Seven Brief Lesson on Physics by Carlo Rovelli outsold Fifty Shades of Grey in Italy, where it was first published, before climbing onto bestseller lists in a multitude of countries. Shortly after embarking on the seventy-eight-page collection of articles-turned-lessons, it becomes increasingly clear why.
Theoretical physicist Carlo Rovelli exaggerates nothing in the second word of the title – “brief” does indeed accurately describe these seven chapters. Yet, it must be considered an impressive feat to have condensed such massive concepts of relativity, quantum mechanics, the cosmos, loop quantum gravity and consciousness into so few pages while offering such clear introductions to each. It follows that the reader is deprived of the detail and in-depth physics to satisfy the curiosity Rovelli so successfully inspires. He is not Richard Feynman, yet. Written to be palatable to the most extreme non-physicist, one singular equation (Einstein’s field equation of general relativity) manages a feature, and this only to demonstrate the beauty of its visual simplicity. Instead, illustrations appear on nine of the pages to gently assist in the reader’s struggle to make sense of “granular space” and “the Big Bounce”.
I do, however, take issue with the third word of the title. These chapters feel far from “lessons”, instead seeming almost fictional as Rovelli infuses stories of our mysterious existence with poetic comparisons to music, art, and dance. This is an author who knows his audience, and how to appeal to their aesthetic inclinations. The effort and reward in understanding Reinmann’s mathematics is described as tantamount to that of appreciating a late Beethoven string quartet, and Rovelli withholds no enthusiasm in gushing about the “infinite arabesques of forms which constitute reality”, of which we, humanity, are “merely a flourish among innumerably many such flourishes”.
Scientific-minded or not, Rovelli voices the existential questions asked by all of us lying awake at night: What else is out there on the margins of the cosmos?
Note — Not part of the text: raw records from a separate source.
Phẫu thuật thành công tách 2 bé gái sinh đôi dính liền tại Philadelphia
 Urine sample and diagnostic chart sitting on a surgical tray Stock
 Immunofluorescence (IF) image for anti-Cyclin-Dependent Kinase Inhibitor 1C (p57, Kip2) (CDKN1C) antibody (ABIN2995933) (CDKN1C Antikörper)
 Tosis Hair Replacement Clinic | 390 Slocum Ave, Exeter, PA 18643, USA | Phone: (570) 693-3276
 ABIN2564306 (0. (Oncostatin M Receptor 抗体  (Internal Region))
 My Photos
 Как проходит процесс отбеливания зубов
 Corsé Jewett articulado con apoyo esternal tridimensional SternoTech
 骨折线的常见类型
How did all of this get here? And what is our role as human beings within this “swarm of ephemeral quanta of space and matter”? Upon promising to not to attempt to answer the latter, he devotes a chapter to doing exactly this and offers conciliatory musings of his own as answers. However, do not expect to be continually uplifted by Rovelli’s continual awe at science, as sobering predictions of an end to humanity and civilisation round off an almost rambling conclusion: “I believe that our species will not last long… We belong to a short-lived genus of species…What’s more, we do damage.”. We are made to live and die, as the stars and nature that we find around us and indeed, as Rovelli emphasises, that we belong to, is.
Seven Brief Lessons on Physics is well worth the short amount of time it requires to be read. Indeed, such is the quantity of mind-boggling concepts mentioned that the reader is likely to want to return to it again – especially during a late-night existential crisis.